The Cloud Controller, Health Manager, and DEA Pool were designed to work together and are tightly coupled. Due to this, adding new features to the Cloud Controller may negatively affect the Health Manager and/or the DEA Pool.
Domain and platform specificity make it difficult for developers to extend the system.
Finally, DEA and Warden (two long-lived, long-running processes) have lots of concurrency and low-level OS interactions. As a result, the Ruby code currently used by the system has been pushed to the limit.

How is Diego different?

Diego aims to provide the right level of abstraction that will make it possible to overcome the above-mentioned challenges and make Cloud Foundry more robust.

Unlike the current Elastic Runtime, Diego is written in Go. The project has both powerful concurrency and low-level OS support, while being strongly typed. Then, Diego provides explicit error handling and promotes developer discipline (the Go language requires better developer discipline than Ruby).

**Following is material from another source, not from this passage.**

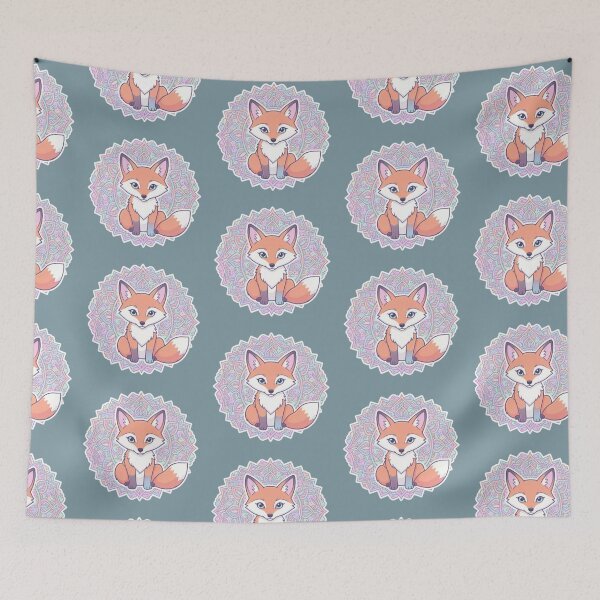 Item preview, Motivational Fox Affirmation Sticker designed and sold by Chromatic Artistry.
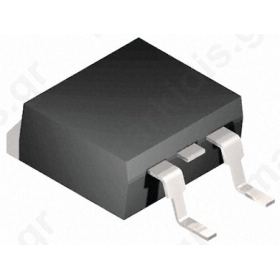 I.C LM317BD2TR4G, Voltage Regulator, 1.5A Adjustable 1.2 > 37 V, 3-Pin D2PAK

What does it mean to developers?

Diego embraces the complexity, necessary in a platform like Cloud Foundry, and tries to make it explicit, transparent, and understandable. Thanks to this, it is easier for developers to work with the system, add and test new features, maintain existing ones, etc. Onsi Fakhouri used some examples to illustrate this.

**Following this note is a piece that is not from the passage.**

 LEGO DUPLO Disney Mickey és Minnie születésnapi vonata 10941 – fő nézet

As we have already said above, Diego is written in Go, a programming language developed in the cloud era. It eliminates many issues caused by Ruby.

Diego still has the Cloud Controller, but the DEA Pool has been replaced with the Executor Pool, an eventually consistent, self-managing, monitoring, and healing system. As a result, Cloud Foundry becomes more robust, and the Health Manager is no longer necessary.

Diego solves the domain specificity issue by replacing complex notions, such as running apps, with generic ones, such as one-off tasks (one-time jobs) and long-running processes (LRPs). As a result, adding new features becomes easy.

Diego has been built from ground up to be platform-agnostic. Most of the components, including the Cloud Controller and the layers in the Executor Pool, except for the back-end layer, do not care about the platform. This means, when adding a new platform, developers only need to care about two things: the backend and the binary for that specific platform.

Removing part of responsibilities from the Cloud Controller has solved the orchestration issues. The Cloud Controller does not have to think about how and where the apps will run any more. Instead, the Executor distributes long-running processes using the auction method.

In total, there are 14 different components, each responsible for a single separate job. It creates a lot of complexity, which is inherent to large-scale systems, such as Cloud Foundry. This is why Pivotal uses the simulation-driven approach when working on Diego. During the session, Onsi Fakhouri demonstrated how it evenly distributes 1,000 apps across dozens of executors, using a piece of the same code that runs in production.

Unit testing is done on all components to ensure that each of them operates as expected. In addition, a special library provides shared narrative and integration tests to make sure everything works as it should.

Current situation and a roadmap for Diego

By now, the team has completed work on the staging components. The part responsible for running apps is half-done. There is already support for Linux and buildpacks.

The list of the features that will be included into the project is a long one. According to Onsi Fakhouri, soon Diego will provide placement pools, process types, persistent disk, shell access, autorebalancing, zero-downtime deploys, support for Doecker files, .NET support, and custom health checks.

To sum it up, we may describe the Diego project as Elastic Runtime 2.0. The things that make it different from the one employed in Cloud Foundry today are as follows:

It uses the notions of tasks and LRPs to provide flexible abstraction.
It is platform-agnostic and, therefore, extensible.
It is self-managing, -monitoring, and -healing, making Cloud Foundry more robust.
It embraces complexity.

Let’s see how Diego will evolve to bring even more positive impact to the PaaS.